The Akayesu Indictement reads:

"As bourgmestre, Jean Paul AKAYESU was responsible for maintaining law and public order in his commune. At least 2000 Tutsi were killed in Taba between April 7 and the end of June, 1994, while he was still in power. The killings in Taba were openly committed and so widespread that, as bourgmestre, Jean Paul AKAYESU must have known about them."[14]

According to the Trial Chambers in Akayesu and Kayeshima and Ruzindana:

"For Akayesu to be held criminally responsible under Article 4 of the Statute, it is incumbent on the Prosecutor to prove beyond a reasonable doubt that Akayesu acted for either the Government or the RPF in the execution of their respective conflict objectives." "[15]

"The Trial Chamber further finds that the actions of Kayeshima and Ruzindana, in the alleged period of time, had no direct connection with the military operations or with the victims of the armed conflict.

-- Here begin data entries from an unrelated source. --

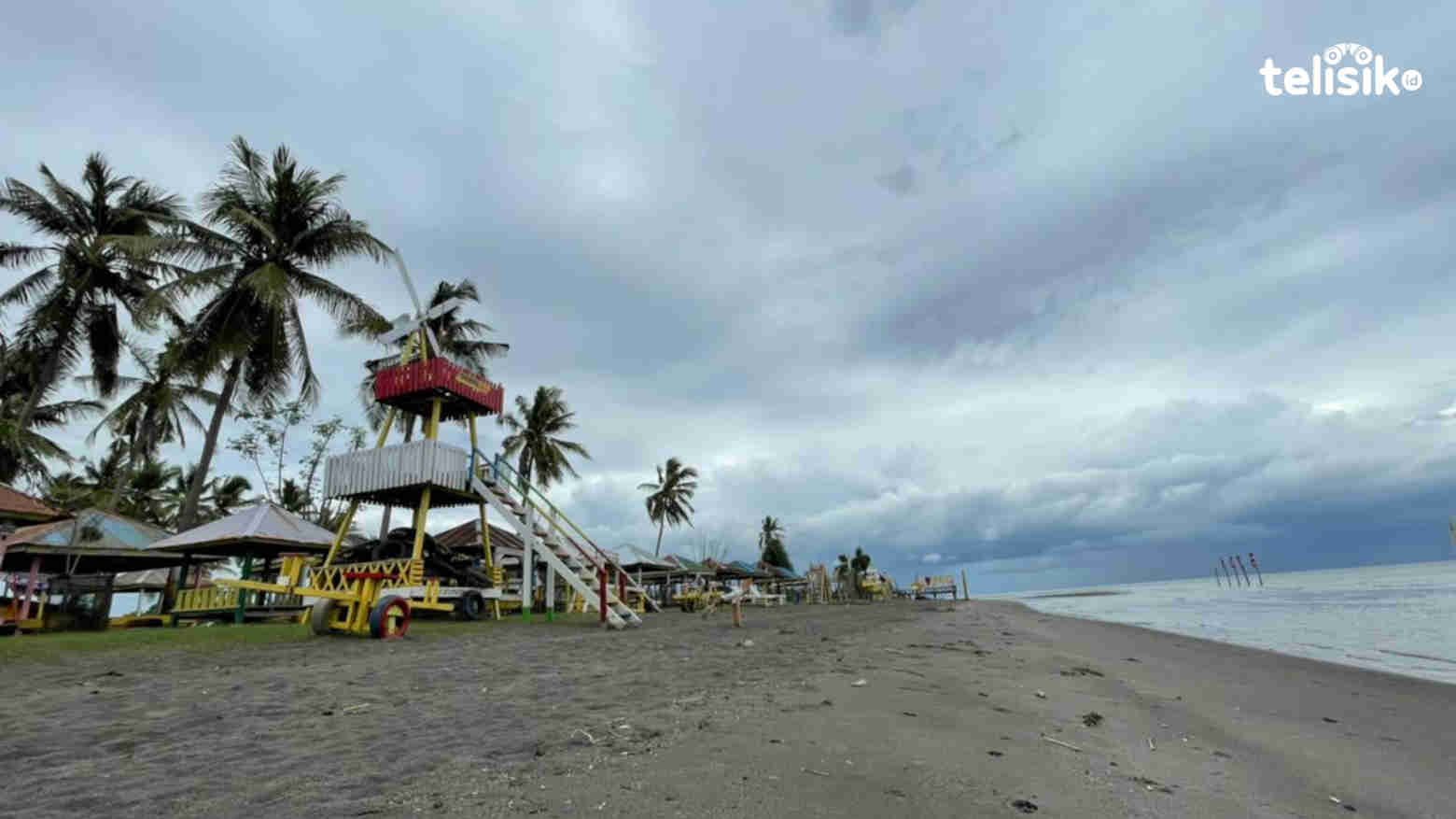 Pantai Wisata Kalomang. Foto: Siswanto Azis/Telisik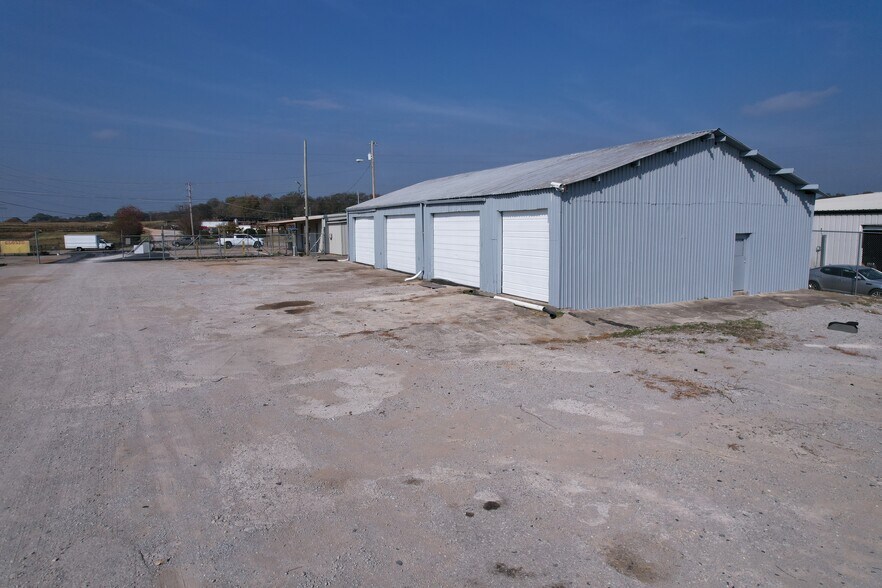 More Photos Of 1230 Industrial Park Rd, Columbia Warehouse For Lease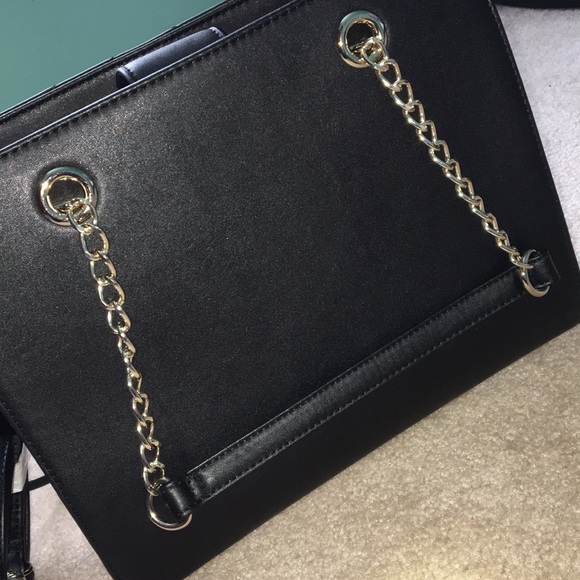 NEW and UNUSED GUESS Handbag - Picture 6 of 8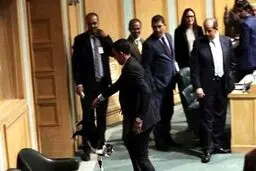 یک گربه در پارلمان اردن جنجال به پا کرد! +عکس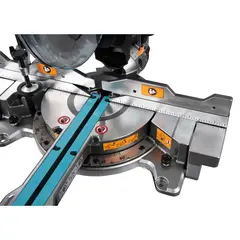 Аккумуляторная торцовочная пила Makita LS002GZ01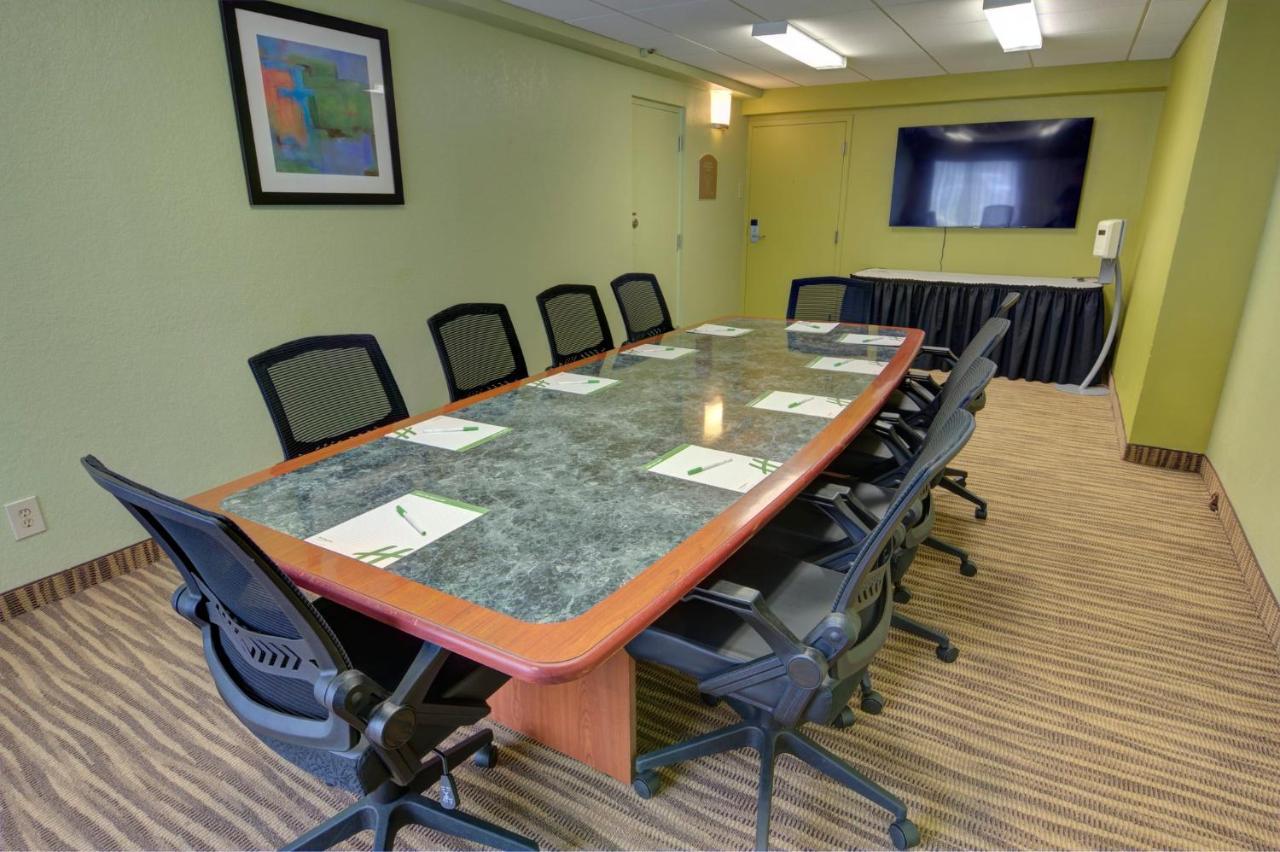 Holiday Inn St. Petersburg N - Clearwater, An Ihg Hotel Extérieur photo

It has not been shown that there was a direct link between the accused and the armed forces." "[16]

The Akayesu Appeals Chamber, reversing the finding at trial, ruled:

"The Appeals Chamber is of the view that the minimum protection provided for victims under common Article 3 implies necessarily effective punishment on persons who violate it. Now, such punishment must be applicable to everyone without discrimination, as required by the principles governing individual criminal responsibility as laid down by the Nuremberg Tribunal in particular. The Appeals Chamber is therefore of the opinion that international humanitarian law would be lessened and called into question if it were to be admitted that certain persons be exonerated from individual criminal responsibility for a violation of common Article 3 under the pretext that they did not belong to a specific category."[17]

Footnotes:

[4] ICTY, Blaškić Trial Judgment, 15 July 1999, para. 66. (footnotes omitted).

[5] ICTY, Blaškić Trial Judgment, 15 July 1999, para. 66.

[6] ICTY, Blaškić Trial Judgment, 15 July 1999, para. 71.

[8] ICTY, Tadić Judgment, 7 May 1997, para. 573. Endorsed in ICTY, Mucić et al. ("Čelebići") Trial Judgment, 16 November 1998, para. 195.

[9] ICTY, Kunarac et al. Appeals Judgment, 12 June 2002, para. 58. The Semanza Trial Chamber endorsed this finding and quoted para. 58 of the Kunarac Appeal Judgment in para. 517 of its Judgment.

[10] ICTY, Tadić Appeal Decision on the Defence Motion for Interlocutory Appeal on Jurisdiction", 2 October 1995, para. 70; "See also Blaškić Trial Judgment, para. 70 and Kunarac Appeal Judgment, para. 64.

[11] ICTY, Kunarac et al. Trial Judgment, 22 February 2001, para. 407.

[12] ICTY, Kunarac et al. Trial Judgment, 22 February 2001, paras. 568, 569.(footnotes omitted).

[14] ICTR, Akayesu Trial Judgment, 2 September 1998, para. 179.

[15] ICTR, Akayesu Trial Judgment, 2 September 1998, para. 640.